I think that experienced haskellers often forget to explain that there is a portion of the program that is not strictly functional. The thing is that the programmer is not given access to it. Instead, the programmer is asked to pass around descriptions of the I/O actions to be taken. A monad is a data type that (amongst a vast number of other things) can be used to structure these descriptions so that we can get the order of execution right. (notice that I didn't say 'evaluation')
The next part is a bit sloppy because monads turn out to be even more abstract than described, but it suffices to explain the concepts that give us the ability to be pure and still interact with the outside world.
Every Haskell program is an instance of a function that returns an IO Monad. "Inside" that monad (for the moment, think of it as a box plus a little bit of extra data) is a description of the I/O action to be performed and a new function that takes the result of that I/O (possibly discarding it) and produces another monad. Only the function inside the monad is allowed to refer to the result of performing the execution of that monad, but it is also able to refer to any functions outside of the monad. (Like lexical scoping.)

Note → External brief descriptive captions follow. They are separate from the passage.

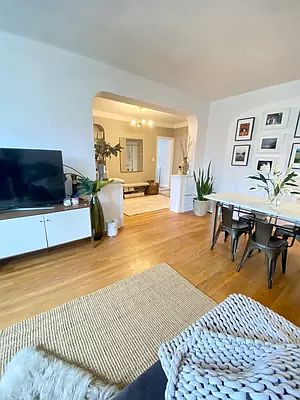 2nd image of 6910 Yellowstone Blvd APT 607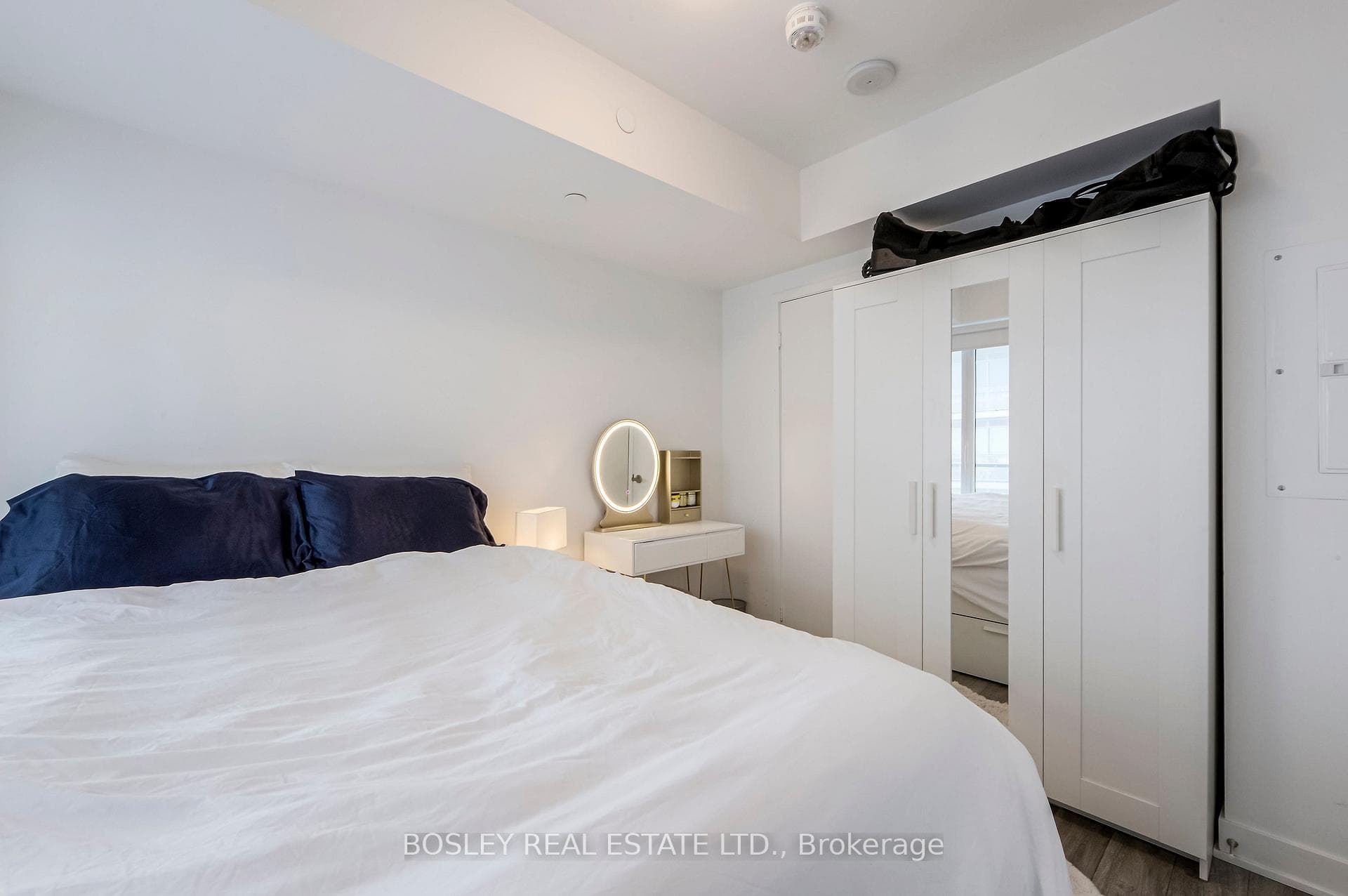 99 Broadway Avenue Unit 3108 photo 13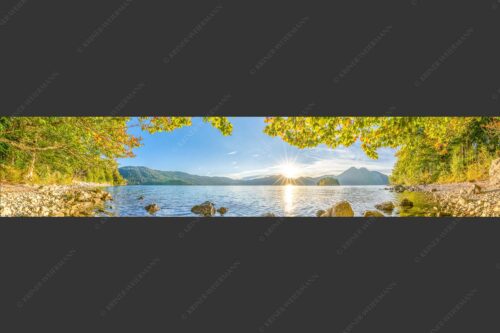 Blick über den Walchensee mit Insel Sassau zum Sonnenuntergang im Estergebirge - Fenster zum See 5:1  -- Walchensee Insel Sassau mit Estergebirge - mehr Infos bei www.Kriner-Weiermann.de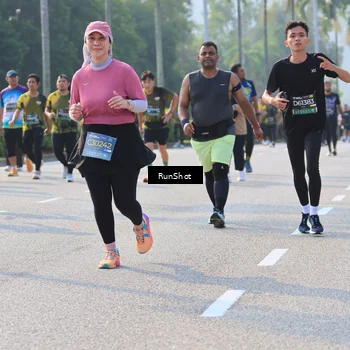 Runner Photo 7003768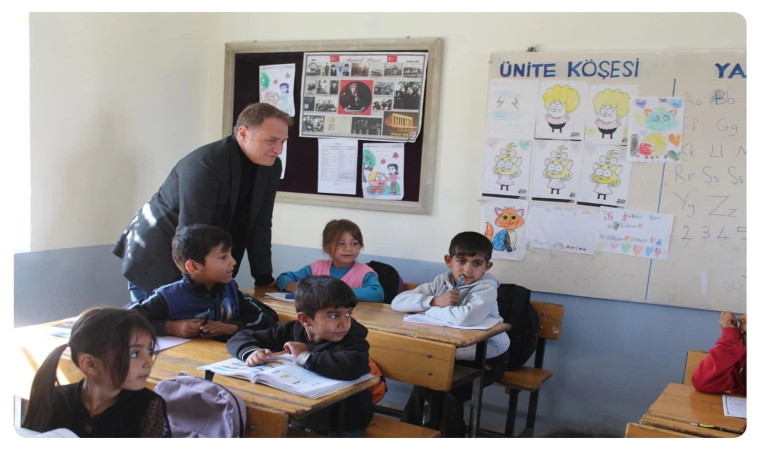 Kaymakam Koşansu köy okullarına kırtasiye yardımı yaptı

There's always a impure portion to a program that the programmer never gets to see. It's job is to evaluate just enough of a function to get ahold of an I/O monad, read the description inside that monad, perform the action and then repeat the whole process again by passing the result into the function if found inside the monad. This division of duties is enforced by only allowing the programmer to use the functions with stuff a description and function into a monad, but not the ones to get it out. Only the impure part of the function can
All this so far is interesting, but it seems like it would take an awful lot of discipline just for the sake of purity. However, what really make monads snazzy is that there are some great tricks with syntactic sugar that can help the programmer design these descriptions in much the same way he would write an imperative program. This is Haskell's 'do' syntax. The 'do' syntax doesn't make a purely function Haskell program imperative, but it sure makes it look a lot like it is.
Still, monads are nothing more than a data type with a couple of particular kinds of functions defined on it. In the case of I/O, those functions stuff things into the monad, combine monads and get information out of the monad. If you use monads for other things, it might be worthwhile to think of those functions as serving other purposes. Haskell's monad type class simply abstracts the features of all these so that algorithms used on one can often be used on all the others... even if it does obscure the original interpretation of what's going on.